**WHAT THE TASK REQUIRES**. The lines to repeat are those below from the one containing "Exklusiv: Zeitgenössische Familienvilla" down to the one containing "Vintage Miniature Wall", both included; reproduce them exactly and nothing else.

╭─ AVAILABLE DATA

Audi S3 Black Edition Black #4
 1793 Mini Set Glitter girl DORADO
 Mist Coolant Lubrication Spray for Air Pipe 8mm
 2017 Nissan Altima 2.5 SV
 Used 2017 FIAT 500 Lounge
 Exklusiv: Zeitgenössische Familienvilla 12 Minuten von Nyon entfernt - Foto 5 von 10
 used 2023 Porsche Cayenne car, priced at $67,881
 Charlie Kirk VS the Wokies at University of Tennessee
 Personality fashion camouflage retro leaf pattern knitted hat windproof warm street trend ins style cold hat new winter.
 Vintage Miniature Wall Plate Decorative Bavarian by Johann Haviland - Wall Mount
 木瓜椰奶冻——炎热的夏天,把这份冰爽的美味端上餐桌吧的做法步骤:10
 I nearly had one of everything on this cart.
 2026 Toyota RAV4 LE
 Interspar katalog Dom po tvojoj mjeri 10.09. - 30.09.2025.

╰─

**ANSWER TO THIS TASK**.
 Exklusiv: Zeitgenössische Familienvilla 12 Minuten von Nyon entfernt - Foto 5 von 10
 used 2023 Porsche Cayenne car, priced at $67,881
 Charlie Kirk VS the Wokies at University of Tennessee
 Personality fashion camouflage retro leaf pattern knitted hat windproof warm street trend ins style cold hat new winter.
 Vintage Miniature Wall Plate Decorative Bavarian by Johann Haviland - Wall Mount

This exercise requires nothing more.